You can build something with more complete semantics on top of it,
as rr would, to more fully emulate the environment. You're probably
gonna be needing to trap CPUID anyway to mask off the relevant
features. I would prefer if the kernel didn't make assumptions here,
and just gave me the minimal primitive to build on top of.

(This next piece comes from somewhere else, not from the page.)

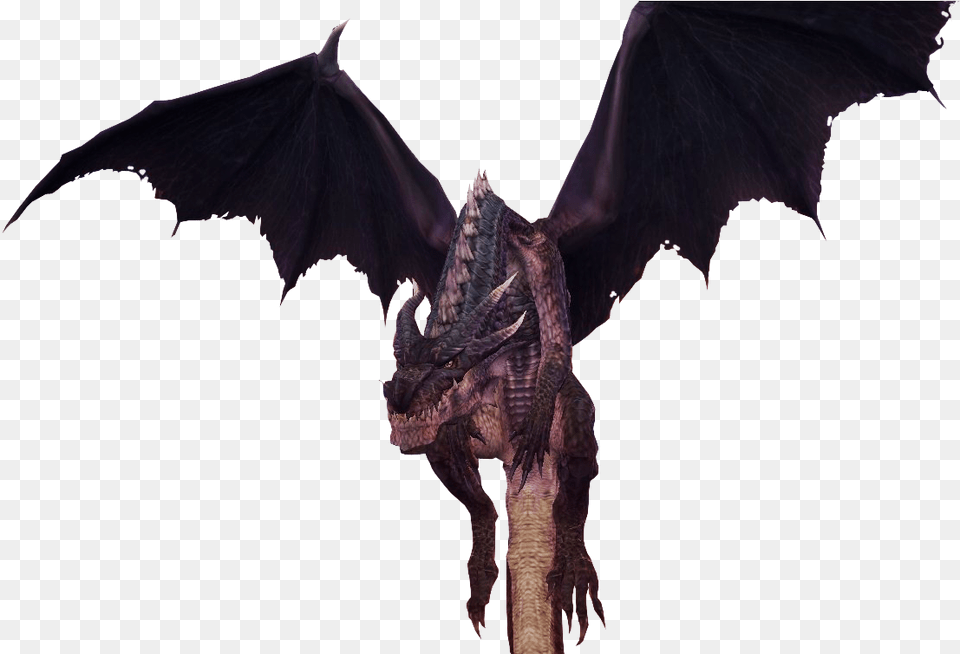 Img Monster Hunter Fatalis, Accessories, Dragon, Ornament Png Image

> > In general, I don't really want the modified XCR0 to affect
> > anything other than the particular instructions that depend
> > on it and maybe the signal frame (though as I said before,
> > I'm open to either here).
>
> Just remember that, in the end, we don't get to say what a good ptracer
> or bad ptracer is. If they're expecting semantics that we've kept
> constant for 10 years, we change the semantics, and the app breaks, the
> kernel is in the wrong.

Every ptracer is a bad ptracer - using this API "correctly" is essentially
impossible ;). I certainly agree that we can't change the behavior for
ptracers that haven't opted into XCR0 modification, but I don't think
that imposes any restriction on what a ptracer with modified XCR0
does (well, there's three possible options, and two reasonable ones,
so it should be one of those)

> I also don't feel like I have a good handle on what ptracers *do* with
> their XSAVE buffers that they get/set. How many apps in a distro do
> something with this interface?

Well, anything that's a debugger would: gdb, lldb, rr.
CRIU's compel tool does too.
However, most ptracers probably don't touch the fpu state.
strace doesn't, proot doesn't.
I did some grepping around and the only other ptracer
I could find that was using this interface is
... linux (in um mode).

As a quick survey, gdb reads the kernel
XCR0 from the xstate and uses that to compute
the size of the xsave area (which I think is most correct).
lldb and rr use cpuid, which should be a
fine upper bound (overallocating is fine for ptrace)
assuming nobody is messing with cpuid *cough*,
though of course what just happens here is that they
just won't see the extra state. criu always uses 4096 bytes.
linux um requests the maximum it knows about.
None (including linux-um, oops) of them are aware
that the layout of the ptrace buffer is compressed if
XCR0 has holes in it (I'll leave it up to you to decide
whether that means we should fix it while hardware
with holes in its XCR0 is still rare - though you can
get into this situation with cmdline flags). All those
applications will have incorrect behavior if the kernel
XCR0 has a whole in it (they don't care about the
user XCR0 though, so that's somewhat unrelated
to this PR).

I don't see any compelling reason to hide additional
xstate from a ptracer with modified xcr0 if it asks for it.